Die Neuordnung der arabischen Welt nach dem Osmanischen Reich

Mit dem durch Engländer und Franzosen forcierten Zerfall des Osmanischen Reiches im Ersten Weltkrieg bekamen diese als neue Kolonialmächte freien Zugang in die Region und bemächtigten sich weiter Teile Arabiens und Nordafrikas, vom Oman bis Marokko. Als neuer Stützpunkt ihrer modernen Besatzungspolitik sollte später der in den Grenzen von Palästina neugeschaffene israelische Staat fungieren.

Nach den beiden Weltkriegen, die zu einem Paradigmenwechsel in der europäischen Architektur führten, begann angesichts der Machtverschiebungen eine neue Zeitrechnung in der globalen Weltordnung. Die kriegsgebeutelten europäischen Länder waren politisch so geschwächt, dass sich die USA und die Sowjetunion mit ihren neu entwickelten und getesteten Atomwaffen (Hiroshima / Nagasaki) als die neuen Weltmächte auf der Weltbühne etablierten. In den elitären Club stieg mit Beginn des 21. Jahrhunderts auch China mit seiner immensen Wirtschaftsmacht, seiner zunehmenden militärischen Stärke und seiner aggressiv auftretenden Außenpolitik auf.

Der Machtkampf der USA mit ihren europäischen Verbündeten

Im Konkurrenzkampf um die Einflussgebiete vertrieben die USA mit ihrer politischen und militärischen Übermacht nach dem Kalten Krieg die europäischen Länder aus vielen Teilen Arabiens und Nordafrikas. Ferner versuchten auch die Russen als Nachfolger der zerfallenen Sowjetunion, in der Region durch Scheinideologien, Zweckbündnisse und Militärmacht eigene Interessen gegen die USA durchzusetzen.

Die US-Administration formulierte das Ziel, nicht nur die neue Supermacht China und das wiedererstarkte Russland sowie die alten europäischen Kolonialmächte zu vertreiben, sondern sie durch souveräne Kontrolle der immensen Energieressourcen auch erpressbar zu machen. Dabei setzten die Amerikaner ihre wirtschaftliche und militärische Übermacht ein und installierten amerikatreue Staatsregierungen in Gestalt von korrupten arabischen Machtpolitikern oder kooperierten zielorientiert mit demokratiefeindlichen Diktatoren bzw.
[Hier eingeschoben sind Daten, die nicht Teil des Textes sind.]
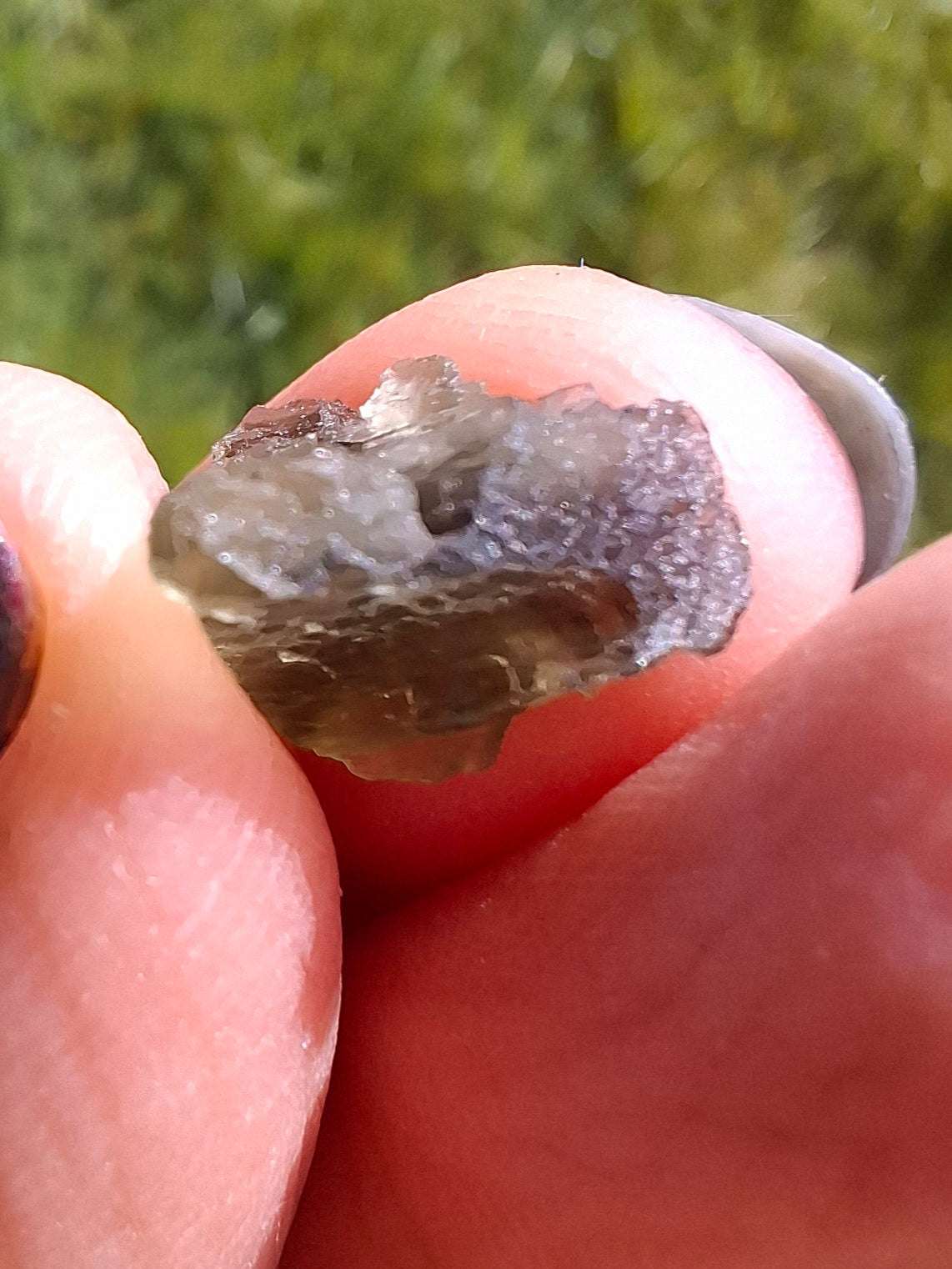 Moldavite Piece, 0.85g, Tektite (Ref: 1396)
Monarchen. Ferner konnten sie mit uneingeschränkter politischer Unterstützung des Staates Israel ihre Macht fast auf die ganze arabische Halbinsel ausdehnen, zum Leidwesen ihrer Rivalen. In dieser Gemengelage formierte sich eine neue Allianz mit China und Russland sowie dem Iran. Diese bildeten eine gemeinsame starke Front gegen die amerikanische Expansionspolitik.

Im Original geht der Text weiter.